A collective of emerging London designers, London Designers Collective was only established back in 2016 by the founders of London-based brand REIN, Gemma and Rebecca, who have become pioneers in guerrilla retail by merging culture and experience. With over 50 members as part of LDC, a handful of successful pop up events under their belt with the third held just last week during London Fashion Week, Atlas spoke to the pair on LDC’s success, growth and how these independent fashion brands are taking the reins of their businesses, connecting with other like-minded brands, and collectively, harnessing their power to create necessary change in the fashion industry.
Words by Jessica-Christin Hametner. Photographed by Sam Deaman.
A: What was the inspiration behind launching LDC?

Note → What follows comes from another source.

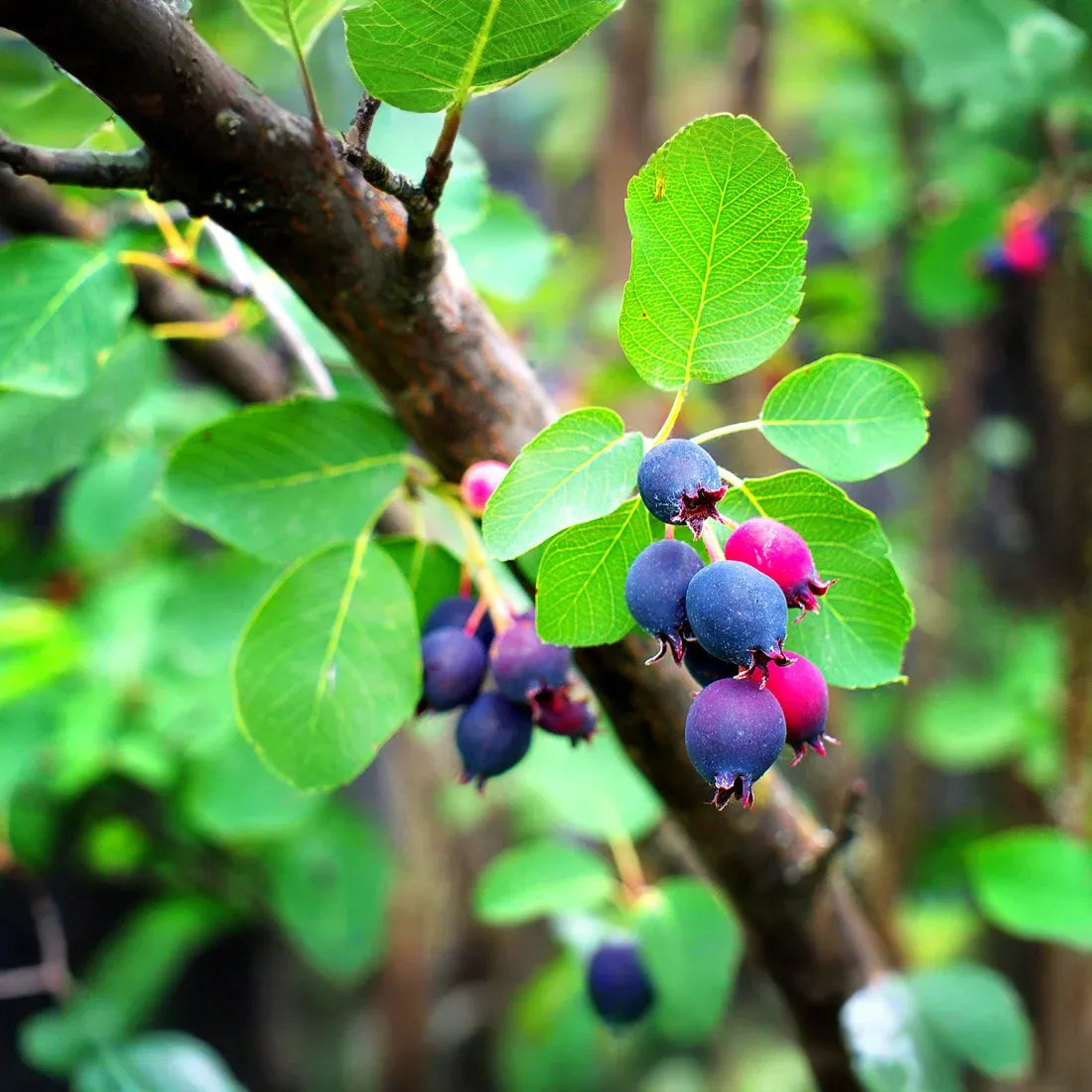 1 Saskatoon Serviceberry Tree 1-2 ft tall - Amelanchier alnifolia, Bare Root Plants, Disease Resistant, Hardy Zones 2-9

LDC: It was during one of the fashion weeks and while sitting on our stand we noticed that there was almost a competition between all of the small brands, which was confirmed after we spoke to people, realising that we’re all in a similar situation. It’s a tough industry to get your name out there and it’s also quite a tough climate with everyone thinking differently now and taking different approaches, questioning ‘what is the future of retail?’ It’s interesting because shows meant so much in the past because online didn’t exist – you had to go to the show as a buyer or press to know what to write about and what’s coming up. Now, everyone can get access to the information, so it’s no longer industry-only. It’s not coveted and doesn’t need to be.

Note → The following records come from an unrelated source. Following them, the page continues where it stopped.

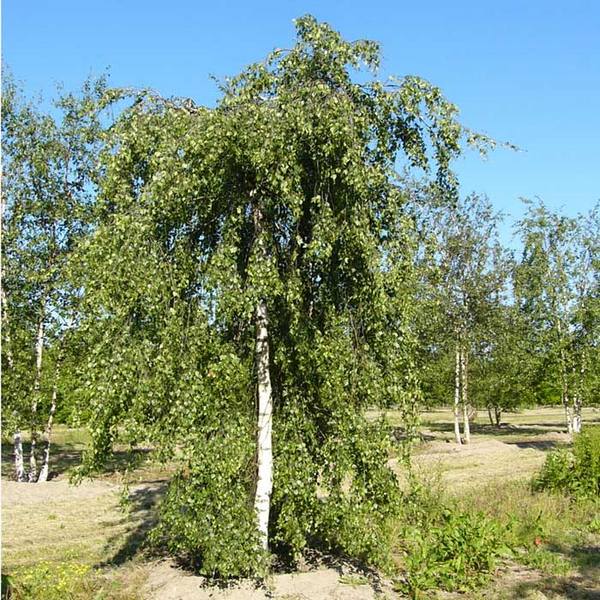 Береза повислая  описание древесного растения, которое предпочтительно высаживать весной с фото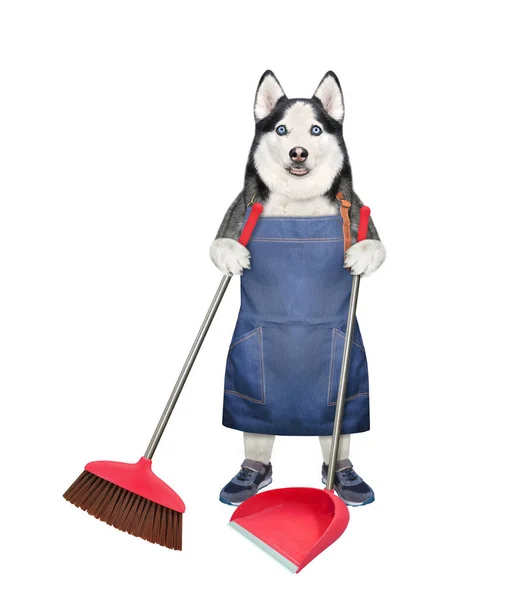 Cão Husky Avental Trabalho Mantém Uma Vassoura Uma Panela Fundo — Fotografia de Stock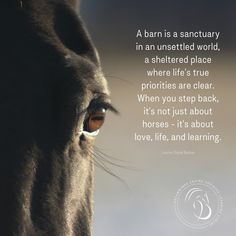 a close up of a horse's face with a quote about love and learning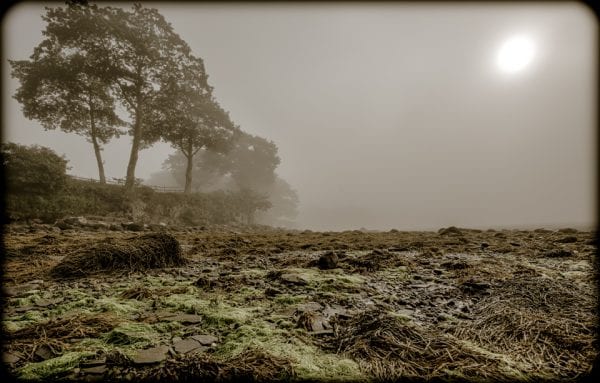 moorings oceanfront rv resort images 31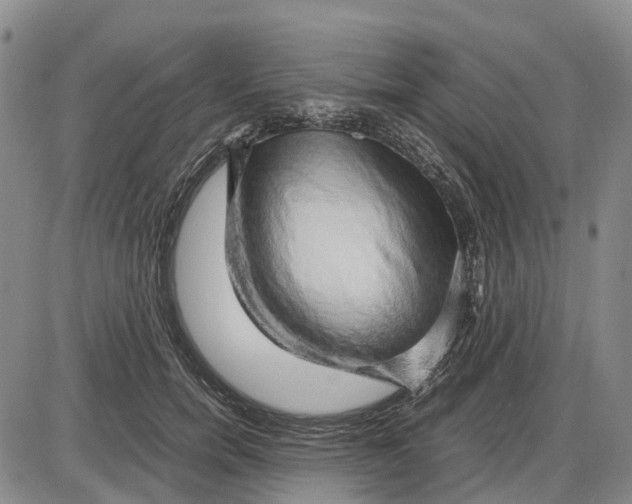 X0000085070750200704021410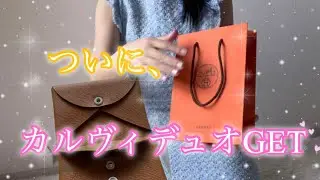 【HERMES購入品】開封動画　カルヴィデュオGET  シルクインとの比較も！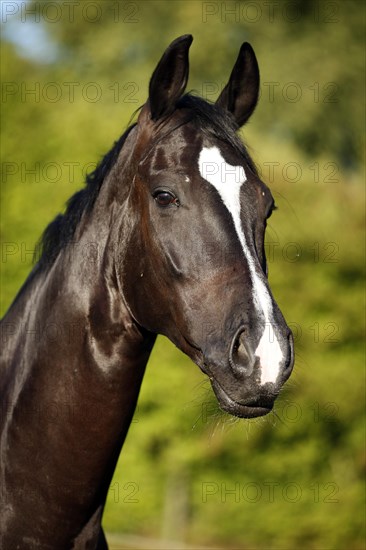 Black horse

And so basically we found that a lot of brands similar to us found pop-ups a good way to get directly to their customers, not having to go through stores. We did a few test ones and it’s worked really well. So that was the beginning of it really, and now we’re just growing and growing part of the collective.

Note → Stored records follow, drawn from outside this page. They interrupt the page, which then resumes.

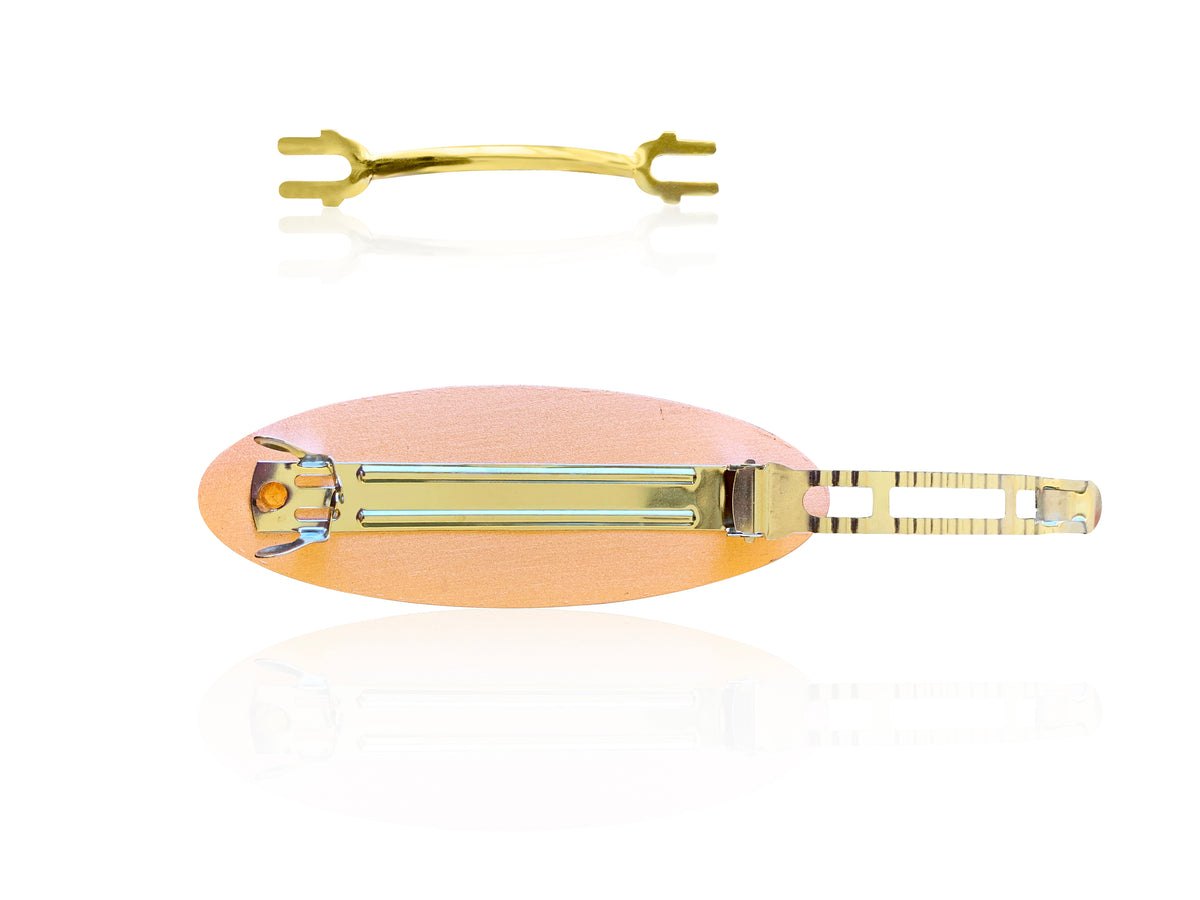 Southwestern turtle design hair clip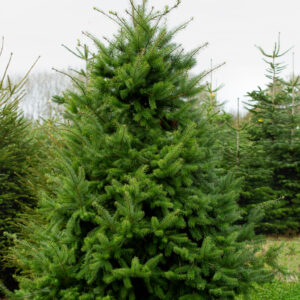 Douglas Fir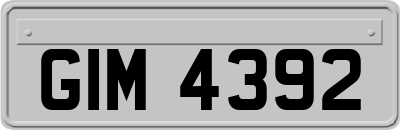 GIM4392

A:What impact has LDC had on the fashion scene since you first launched in 2016?
LDC: I think it’s still growing, but so far has had a great reception. I think the biggest thing that’s shocked us most is how many other brands have been really interested. We have been inundated with brands asking to get involved – it’s crazy because I think there’s such a huge hunger for what is the future of retail especially for smaller brands. Where is that moving? Interestingly for this one, doing the presentations for London Fashion Week has had really good press reception. Because everything is shifting and changing, people are interested to see where it’s all going to go. Rent is rising constantly in London – it’s just inaccessible for small brands to show somewhere. Budgets are tightening, the high street is strong, stores are closing all the time, there’s so much noise from social media, which is great, but then how do you shout above and across and how do you get around it? I think the industry is really interested, as we’ve had people being interested in what we’re doing, wanting to hear more, which is fantastic.
And we’re hoping that this will be something that organically grows and grows, and becomes bigger.
A: What kind of monthly pop events do you host?
LDC: Our next one is in April with all the details to be finalised yet. The whole idea is to take over spaces that are not necessarily clean and white and ready to go. That we’re doing something that’s a bit more interesting because also something for us that we found is that the customer especially when it’s a higher price point, they’re not just coming to you because they want a garment, they’re coming to you because they want an experience of buying something that’s beautiful, but also speaking to the designers is a big draw for people, having a coffee with us, for instance. So for us it’s always about having something that’s a little bit different and not just a store with something else as well.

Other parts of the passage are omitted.